DATA EXTRACT.
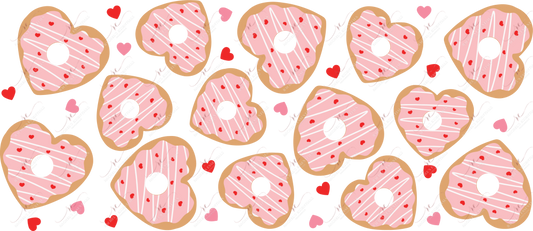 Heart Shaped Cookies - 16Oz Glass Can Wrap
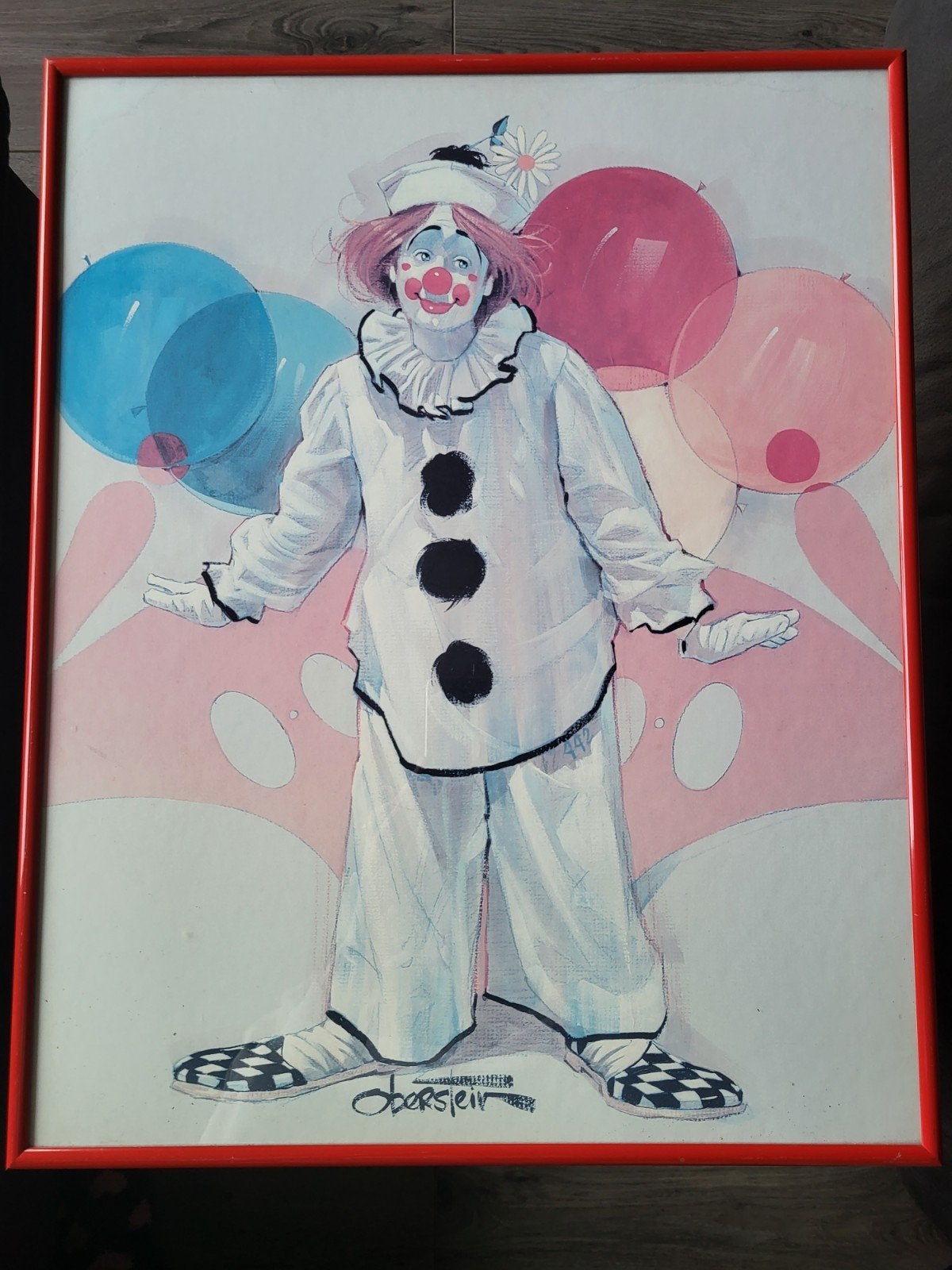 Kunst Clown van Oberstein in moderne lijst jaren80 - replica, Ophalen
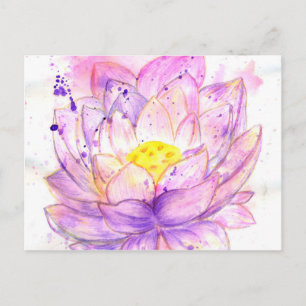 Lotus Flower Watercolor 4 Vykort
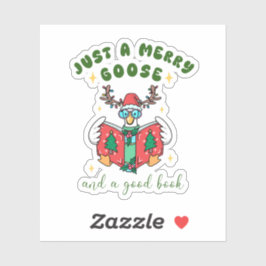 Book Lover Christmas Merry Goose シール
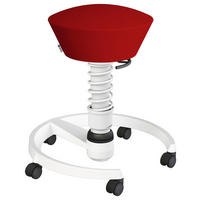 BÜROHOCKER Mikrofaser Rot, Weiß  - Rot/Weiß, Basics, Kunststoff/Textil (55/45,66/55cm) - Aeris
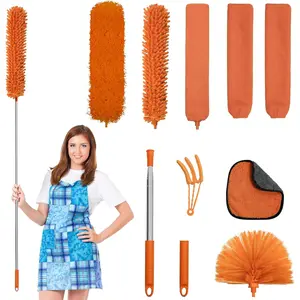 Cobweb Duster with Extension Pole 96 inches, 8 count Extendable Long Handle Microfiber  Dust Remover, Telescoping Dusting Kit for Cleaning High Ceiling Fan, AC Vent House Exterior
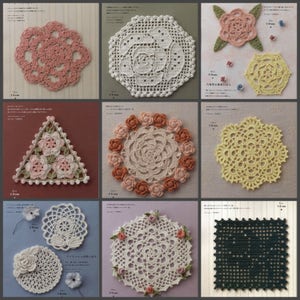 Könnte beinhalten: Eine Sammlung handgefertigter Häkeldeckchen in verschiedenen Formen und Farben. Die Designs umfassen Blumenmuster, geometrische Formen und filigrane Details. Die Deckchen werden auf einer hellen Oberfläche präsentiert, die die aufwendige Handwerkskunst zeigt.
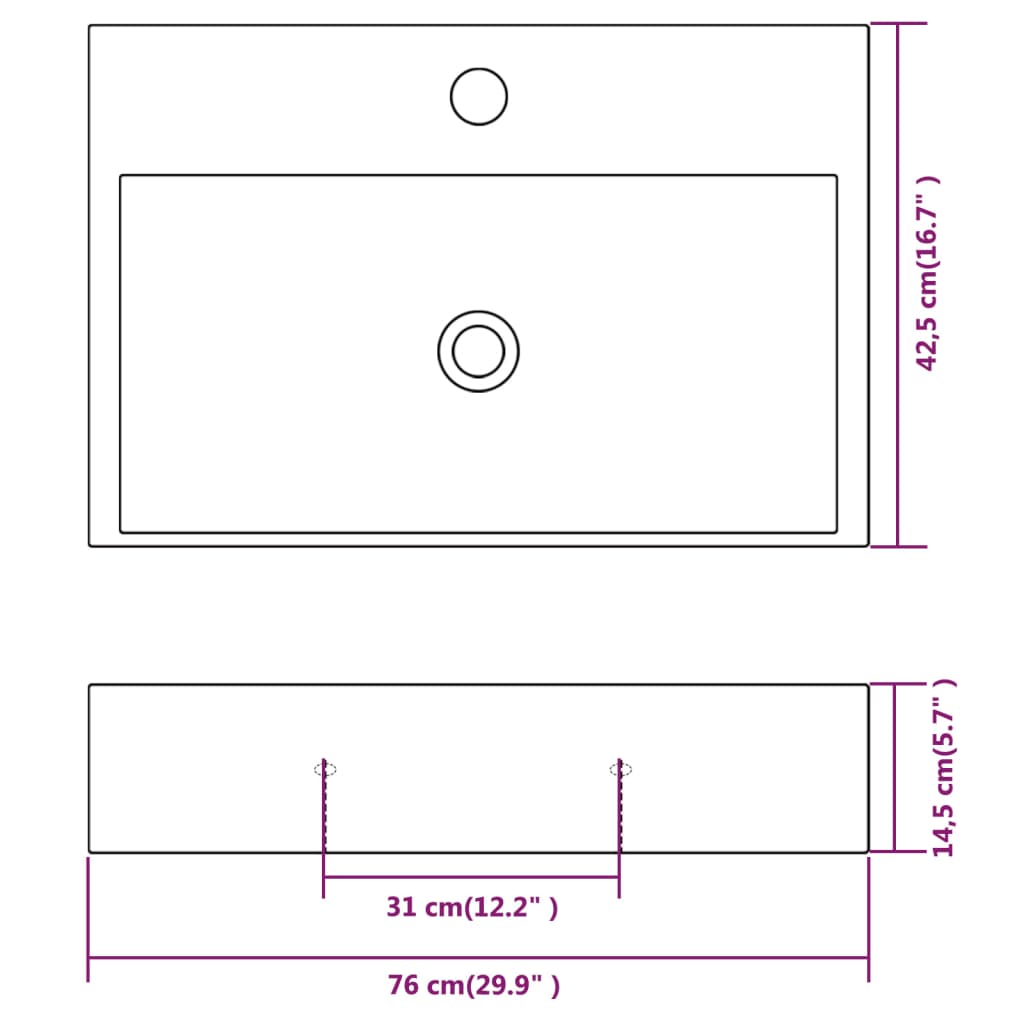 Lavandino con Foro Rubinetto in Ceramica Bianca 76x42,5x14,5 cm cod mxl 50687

REQUIRED ACTION. Nothing but the lines from the first line of the listing above to the line containing "BÜROHOCKER Mikrofaser Rot, Weiß" should appear in the answer, each one exact and with no pictures.

ANSWER SECTION.
 Heart Shaped Cookies - 16Oz Glass Can Wrap
 Kunst Clown van Oberstein in moderne lijst jaren80 - replica, Ophalen
 Lotus Flower Watercolor 4 Vykort
 Book Lover Christmas Merry Goose シール
 BÜROHOCKER Mikrofaser Rot, Weiß  - Rot/Weiß, Basics, Kunststoff/Textil (55/45,66/55cm) - Aeris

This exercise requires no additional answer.